> [REQUIRED ACTION]: Using the data below, reproduce exactly the lines from the line with "Traje de pantalón estampado para mujer" to the line with "Chusteczki do demakijażu, kokosowe, The", both included; pictures must be dropped.

> [MATERIALS PROVIDED]:
____
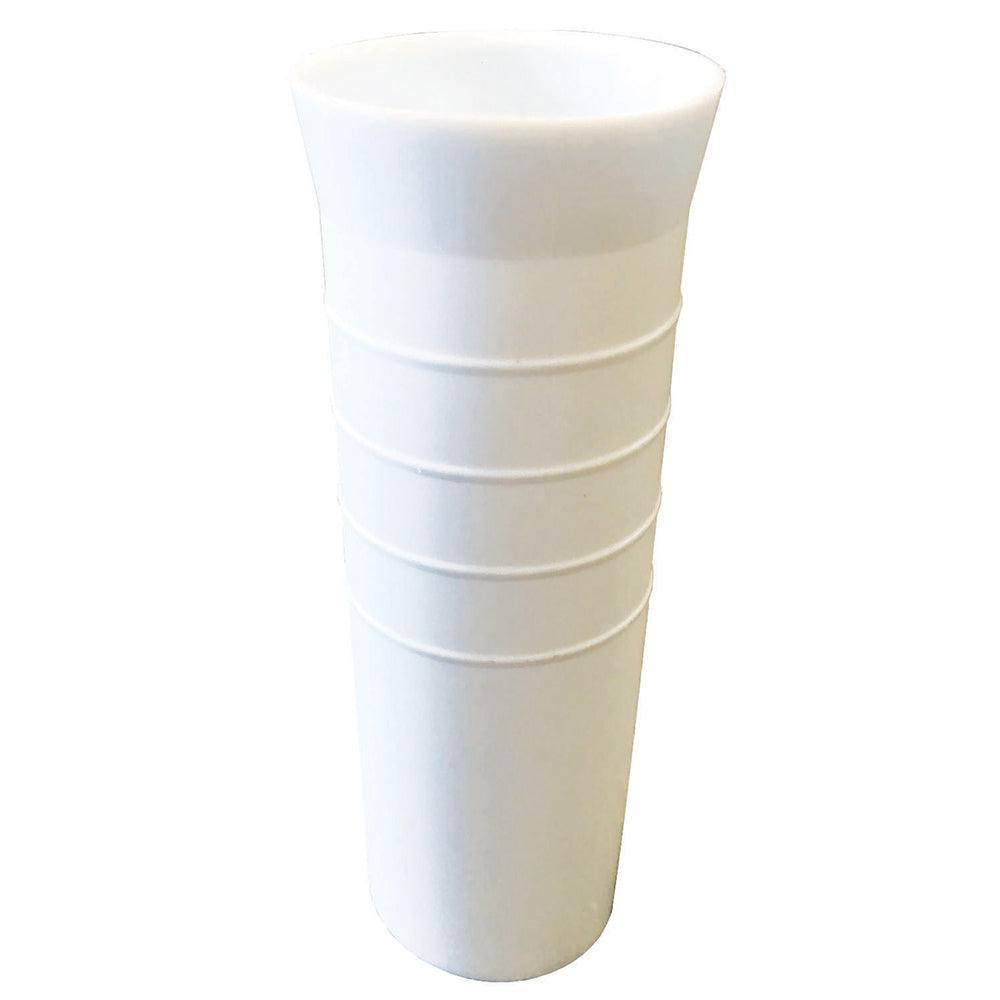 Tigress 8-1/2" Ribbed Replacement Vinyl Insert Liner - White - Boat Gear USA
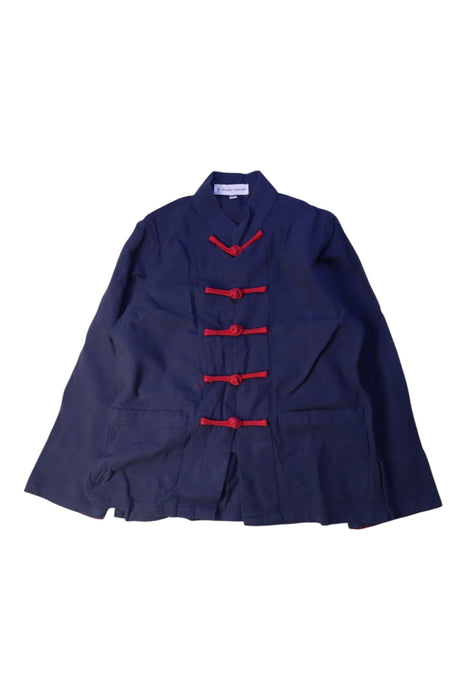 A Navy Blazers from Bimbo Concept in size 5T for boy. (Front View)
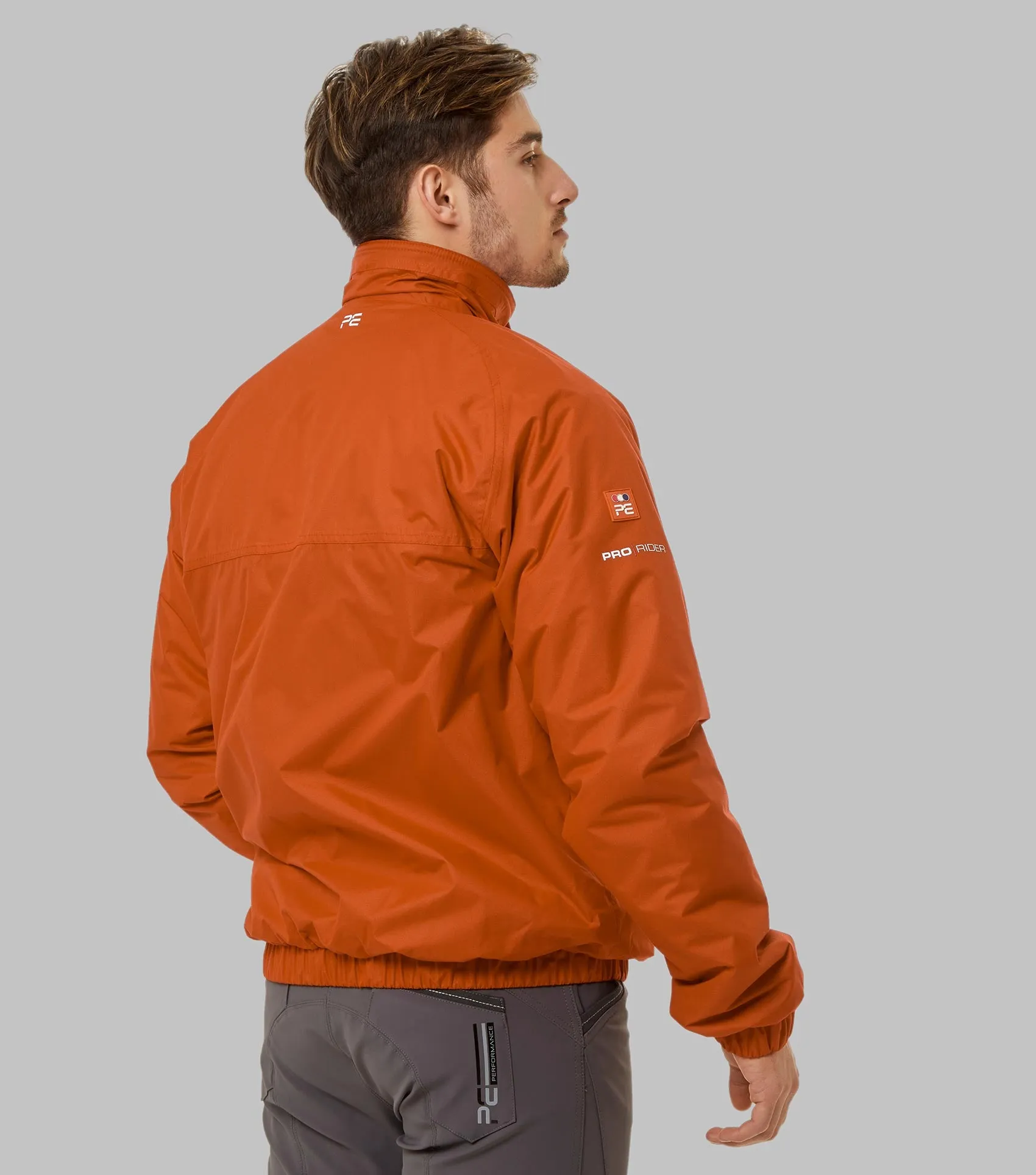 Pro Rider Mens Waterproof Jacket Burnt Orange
____
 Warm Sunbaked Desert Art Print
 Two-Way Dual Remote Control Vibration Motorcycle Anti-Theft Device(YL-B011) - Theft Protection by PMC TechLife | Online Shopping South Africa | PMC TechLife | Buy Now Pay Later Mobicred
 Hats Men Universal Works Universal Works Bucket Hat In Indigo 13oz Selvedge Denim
____
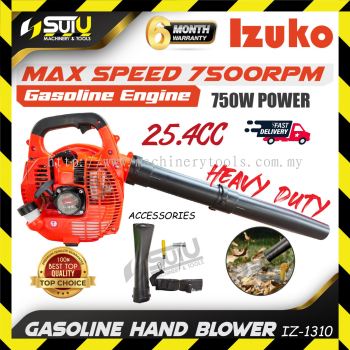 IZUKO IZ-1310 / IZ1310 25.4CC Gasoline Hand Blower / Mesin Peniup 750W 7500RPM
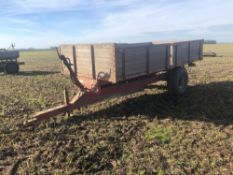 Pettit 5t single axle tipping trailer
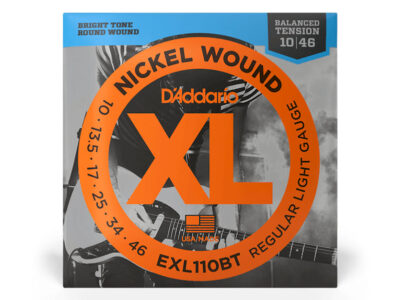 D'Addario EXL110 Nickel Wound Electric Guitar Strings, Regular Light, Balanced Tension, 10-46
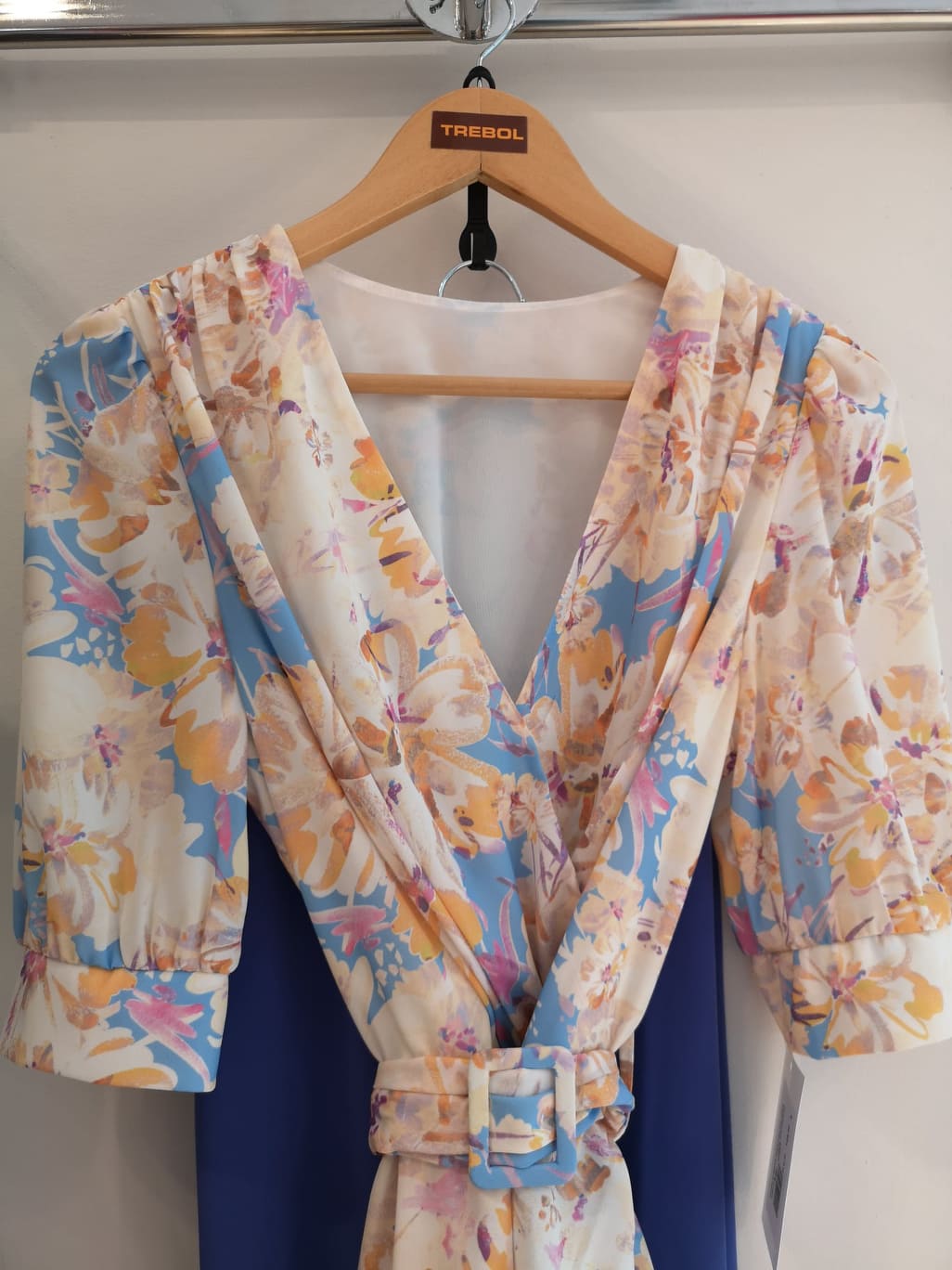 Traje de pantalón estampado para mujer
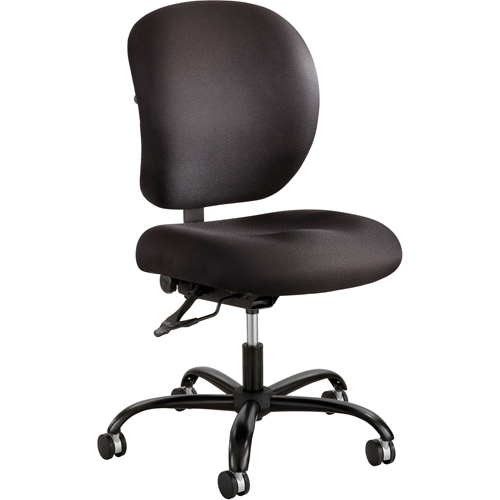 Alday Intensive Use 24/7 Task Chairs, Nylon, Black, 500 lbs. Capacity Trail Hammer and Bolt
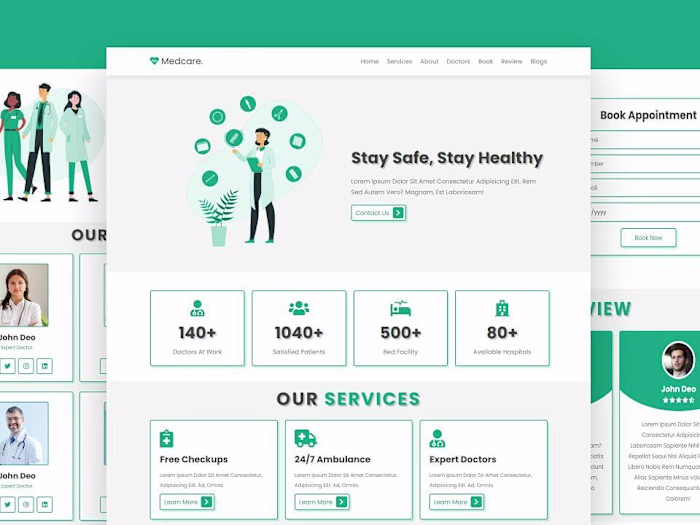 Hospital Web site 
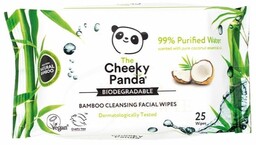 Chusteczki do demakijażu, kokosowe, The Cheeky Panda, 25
____
> [RESPONSE AREA]:
 Traje de pantalón estampado para mujer
 Alday Intensive Use 24/7 Task Chairs, Nylon, Black, 500 lbs. Capacity Trail Hammer and Bolt
 Hospital Web site 
 Chusteczki do demakijażu, kokosowe, The Cheeky Panda, 25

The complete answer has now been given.